Петрович хвататься не стал и даже рта не раскрыл. Потому что загодя еще, от поворота, когда лишь открылась глазам конфетная избушка, узнал этого самого злоумышленника. Фамилии у них, кстати, были очень похожи, а при буквальном рассмотрении — так и вовсе не различались: что у одного, что у другого, что у обоих вместе — Пузынёвы.
— Дед Коля, — прошептал Василий Петрович, — ты чего здесь?
Их разделяло метров сорок, поэтому его вряд ли представлялось возможным услышать. Однако сидящий был непростым стариком, можно сказать — нездешним, поэтому он услышал и ответил:
— А где ж мне быть, паршивец ты этакий? Все бузотёришь, людям гадишь? А отвечать не пора ли? Будешь бит! — Николай Дорофеевич взмахнул палкой, которую Василий Петрович давеча очевидно принял за ружье.
«Ну вот, — растерянно подумал он, — коньяка вроде не пил, — а с башкой опять беда. Нет, мимо псих-диспансера не пройти».
— Да не помогут тебе там, как и мне припарки, — съерничал Николай Дорофеевич. — Ты с кем тут воюешь? В кого палишь? Смотри, потонешь! Ведь учил я тебя: не спросившись броду, не суйся в воду!
С каждым дальнейшим шагом Василий Петрович чувствовал в теле всё большую слабость. И когда нога его подвернулась, он как подкошенный рухнул на желтеющую траву…
В себя пришел, как показалось, практически сразу. Открыв глаза, разглядел кирзовые сапоги и спускающиеся на них армейские зеленые штаны. Значит, дед Коля не галлюцинация, а он сам окончательно свихнулся! Прощай карьера! Здравствуй пенсия по инвалидности! «Нет, не пропал, раз способен шутить», — подумал Василий Петрович. Он резко поднялся на ноги и взглянул в лицо Николаю Дорофеевичу. Таким деда Колю он никогда еще не видел: с приплюснутым носом-пуговкой, маленькими катарактными глазками и клочковатой пегой бородкой.
— Вы кто? — спросил Василий Петрович у незнакомого старика.
— Давно тут сижу, — сказал тот.
Ответ показался Василию Петровичу знакомым и вполне его удовлетворил. Про своего деда он выяснять не стал: в конце концов, это дело его личного умопомрачения и никого другого не касается! Но другой, интересующий его вопрос, перед стариком поставил.
— Где проживающие здесь бабуси? — спросил он, разглядывая красующийся на двери замок.
— Не играй, кошка, с углем, лапу обожжешь! — ответил старец.
— Ну-ну, спасибо, приму к сведению! — пообещал Василий Петрович.

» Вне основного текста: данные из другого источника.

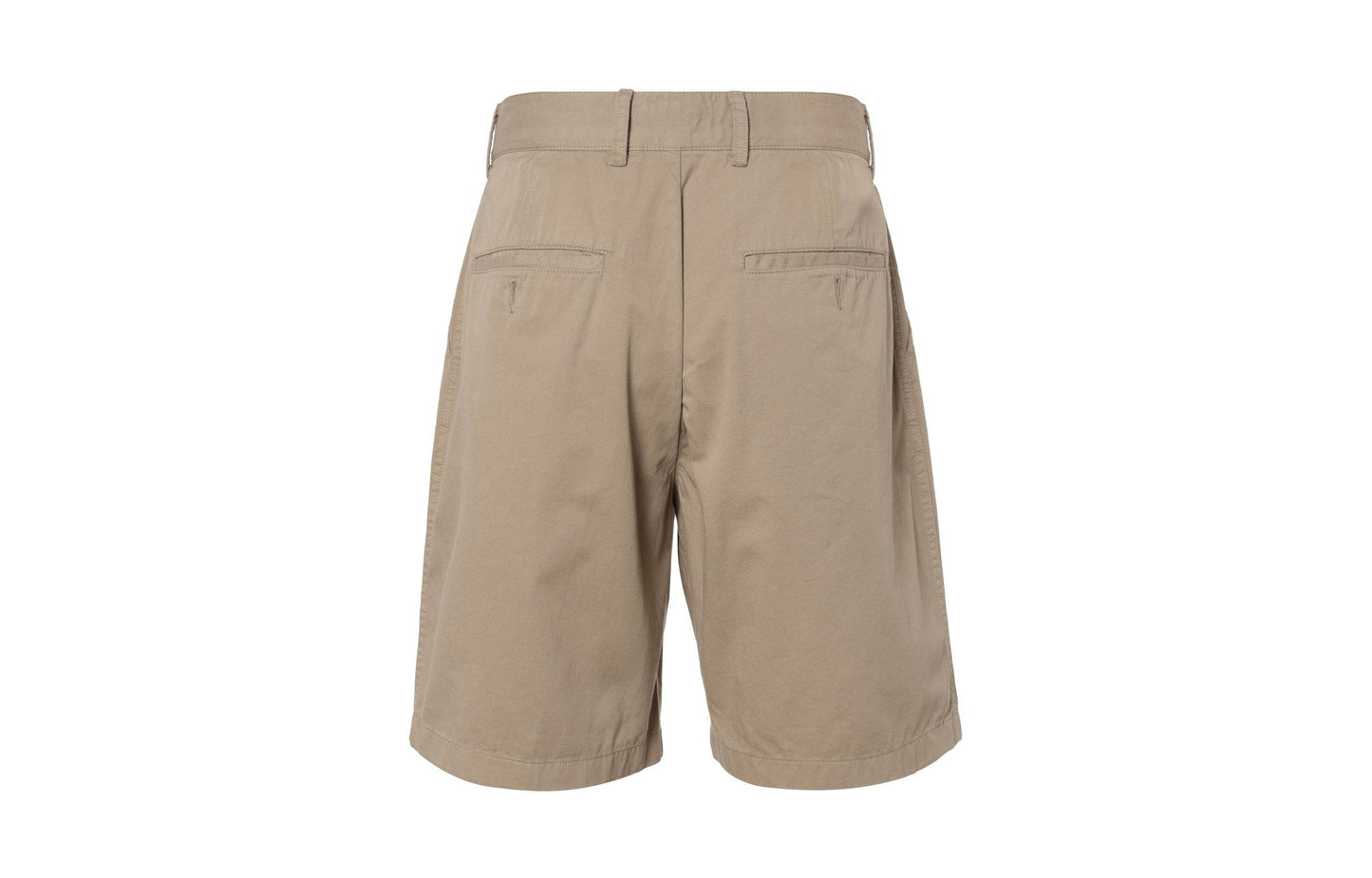 Шорты мужские Uniqlo - Boxette Shop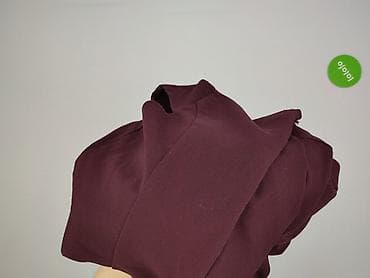 cellbes tuniki: F&F, Sukienka damska, rozmiar 3XL — 7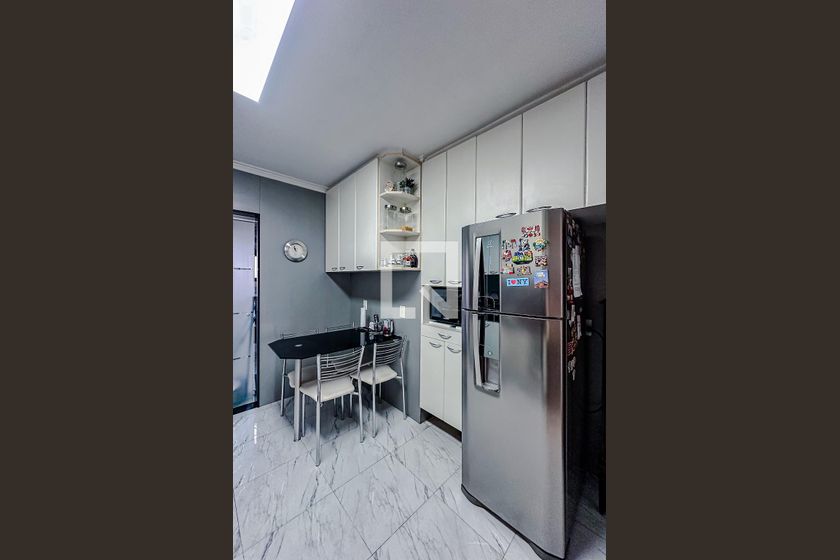 Apartamento, 3 quartos, 115 m² - Foto 73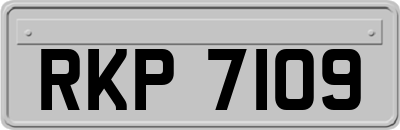 RKP7109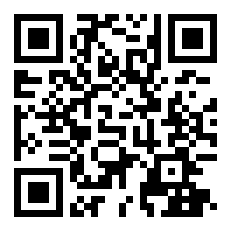 懿是什么意思？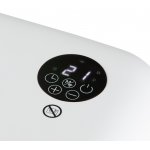 DOMO DO7357F – Zbozi.Blesk.cz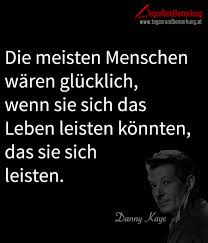 Zitate Mit Dem Schlagwort Geld Der Die Tagesrandbemerkung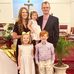 Derek Shannon - Facebook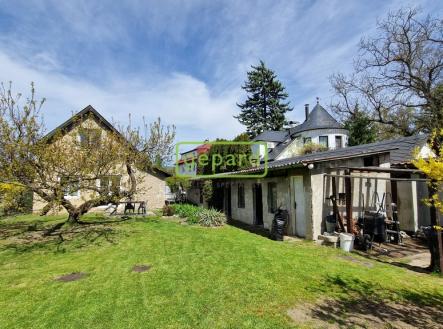 3.jpg | Prodej - dům/vila, 110 m²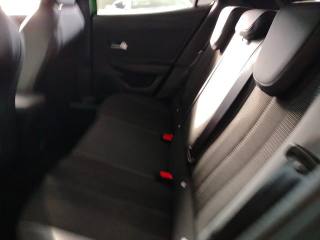 OPEL Mokka usata, con Immobilizzatore elettronico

Он подхватил со скамейки фуражку, козырнул старику и пошел к магазину в центре деревни, где его давно уже должен был дожидаться Васнецов. На ходу пытался вспомнить, видел ли этого старика прежде, при обходе жителей деревни? Нет, среди проверенных тогда восьми персонажей этого мухомора точно не было. «Наверное, сховался где-то за печкой? – решил Василий Петрович. – Ведь едва ли он приехал сюда с паломниками или строителями, слишком стар? Быть может, еще кто-то мог укрыться тогда от догляда? Нет, надо быть внимательнее».
На подходе к месту встречи его опять облаяла собака. Василий Петрович, было, приготовился отражать атаку, но лохматая бестия ограничилась лишь угрозами из кустов, так и не соизволив появиться. Васнецов, похоже, выбрал такую же линию поведения: ни у магазина, ни где-либо поблизости обнаружить его не удалось. Василий Петрович несколько раз его окликнул. Результата это не дало!
На полуобрушенной стене бывшего центра торговли кто-то написал большими красными буквами: «Осторожность — мать премудрости!»
— Да заколебали вы уже советами! — не сдержался Василий Петрович.
Он погулял еще десять минут, потом двинулся в сторону церкви.
Теперь он шел без спешки, подсознательно чувствуя, что все плохое для него уже свершилось и изменить что-либо невозможно. На удивление безлюдная в этот час деревня, невзирая на признаки возрождения, все-таки выглядела достаточно жалко. Куда этим, пусть и поправленным, заборам и крышам до его Пузынёвских владений? Вроде бы и Фонд международный всем заправляет, а ни тебе комфорта, ни красоты, ни удобства? Где заасфальтированные проезды, засыпанные гравием дорожки? Клумбы, скамеечки, газоны, скульптуры? Где теплые чистые клозеты, наконец? Ничего этого нет! Лишь разбитая грузовиками дорога, с непроезжей колеёй. Да что говорить, фонарей на столбах и тех нет. Какое, спрашивается, после этого к ним уважение?